Kuveyt Dışişleri Bakanlığı, bu ziyaretin KİK Bakanlar Konseyi’nin tavsiyeleri doğrultusunda gerçekleştirildiğini ve “Suriye’nin egemenliği, bağımsızlığı ve toprak bütünlüğünü garanti eden temel ilkelere bağlılığı yansıttığını” belirtti.
Kuveyt ziyareti, Şeybani’nin Suudi Arabistan’dan resmi bir davet aldığını açıkladığı bir döneme denk geldi.
Şeybani, X platformunda yaptığı açıklamada, “Suudi Arabistan Dışişleri Bakanı Prens Faysal bin Ferhan el-Suud’dan resmi bir davet aldım,” dedi.
Şeybani, bu daveti kabul ettiğini ve ülkesini temsil etmekten onur duyduğunu belirterek, “Suudi Arabistan ile her alanda stratejik ilişkiler kurmayı hedefliyoruz,” ifadelerini kullandı.
Geçen hafta, bir Suudi güvenlik ve diplomatik heyeti, medyadan uzak bir şekilde Şam’ı ziyaret etmiş ve taraflar, Suriye’deki yeni durumları ve iş birliği yollarını görüşmüştü.
Bu ziyaretin ardından, Suudi Arabistan’ın Suriye’ye yardım kampanyası hazırlıklarına başladığı ve Colani'nin Suudi el-Arabiya kanalına verdiği mülakatta Suudi Arabistan’a övgüler yağdırdığı bildirildi.

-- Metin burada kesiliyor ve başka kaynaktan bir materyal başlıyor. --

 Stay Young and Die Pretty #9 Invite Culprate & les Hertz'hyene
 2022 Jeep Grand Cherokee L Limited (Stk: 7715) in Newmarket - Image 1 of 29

Bu gelişmeler, Suriye’deki mevcut bölünmüşlüğü sona erdirmeye yönelik adımlar olarak görülüyor.
İç siyasette ise, Suriye sokaklarında kadınların rolünün göz ardı edilmesine yönelik tepkileri yatıştırmak amacıyla, HTŞ rejiminde kadın dosyasından sorumlu Aişe ed-Debs’in son açıklamalarının ardından, yeni yönetim, Meysa Sabrini’yi Suriye Merkez Bankası Başkanı olarak atadı. Sabrini, bu görevi üstlenen ilk kadın olarak tarihe geçti.
Ayrıca, Şam Üniversitesi’nden muhasebe alanında yüksek lisans derecesine sahip olan Sabrini, HTŞ veya yakın çevresinin dışından gelen ilk yetkili oldu.
Sabrini, daha önce Suriye Merkez Bankası eski Başkanı Muhammed İssam Hazime’nin birinci yardımcısı olarak görev yapmış ve Aralık 2018’den bu yana Şam Menkul Kıymetler Borsası Yönetim Kurulu’nda Merkez Bankası’nı temsil etmişti.